Nothing but the lines from the one showing "Photo of property" through the final line of the data below belongs in the answer, duplicated exactly and without pictures.

━━━━━━━━━━━━━━━━━━━━

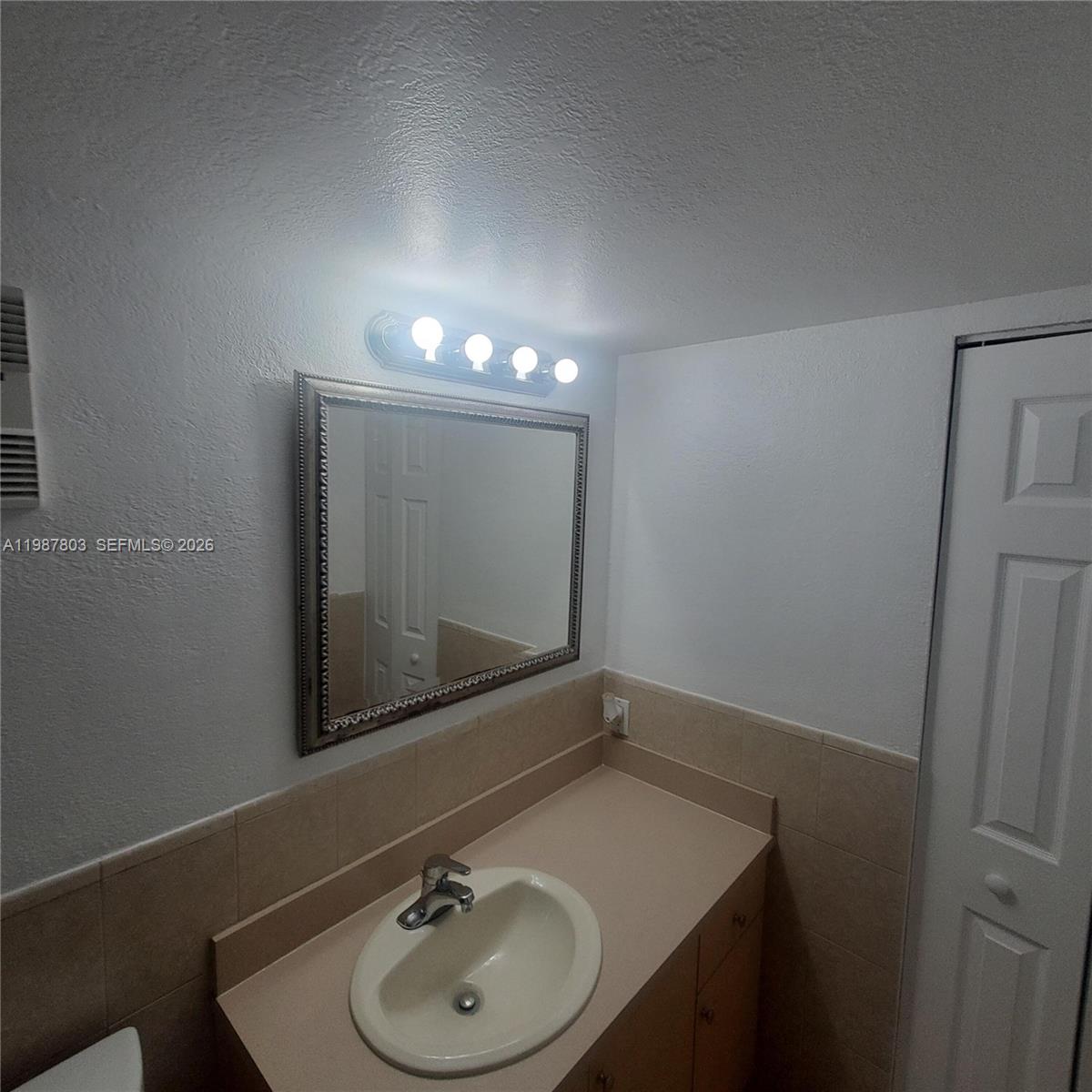 CYPRESS VILLAGE CONDO - Residential Lease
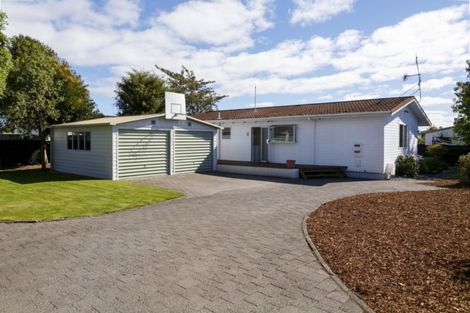 Photo of property in 4 Newberry Place, Richmond Heights, Taupo, 3330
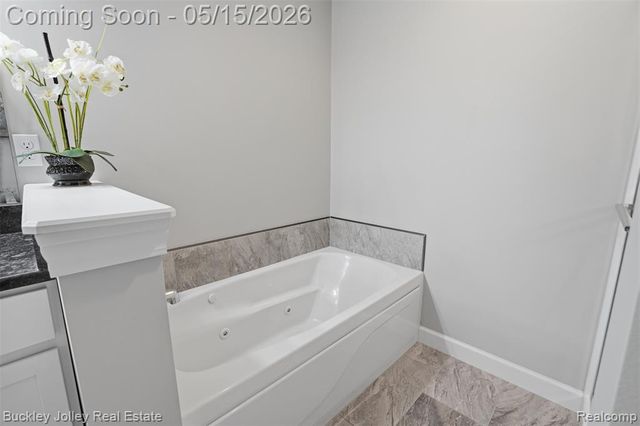 6369 Pasture Lane, Brighton, MI 48116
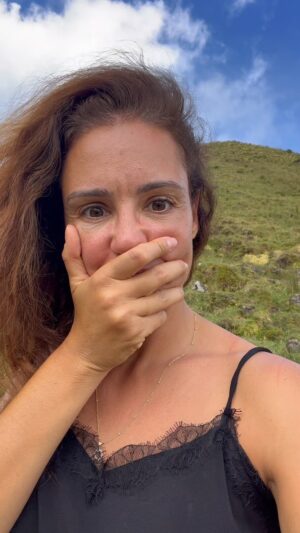 Marta Andrino Instagram - Um dos sítios mais bonito onde estive na vida: CORVO
A viagem de barco para das Flores é mágica, depois a vila um verdadeiro mimo e o caldeirão é inexplicavelmente belo. Uma caminhada até ao seu interior tornou aquele dia inesquecível para os 4.
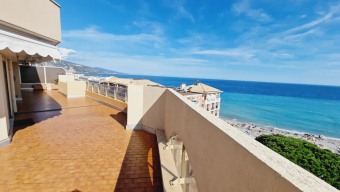 39 Annonces De Ventes D'appartements Au Dernier étage De Luxe à Menton ...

━━━━━━━━━━━━━━━━━━━━

* _Output below_
 Photo of property in 4 Newberry Place, Richmond Heights, Taupo, 3330
 6369 Pasture Lane, Brighton, MI 48116
 Marta Andrino Instagram - Um dos sítios mais bonito onde estive na vida: CORVO
A viagem de barco para das Flores é mágica, depois a vila um verdadeiro mimo e o caldeirão é inexplicavelmente belo. Uma caminhada até ao seu interior tornou aquele dia inesquecível para os 4.
 39 Annonces De Ventes D'appartements Au Dernier étage De Luxe à Menton ...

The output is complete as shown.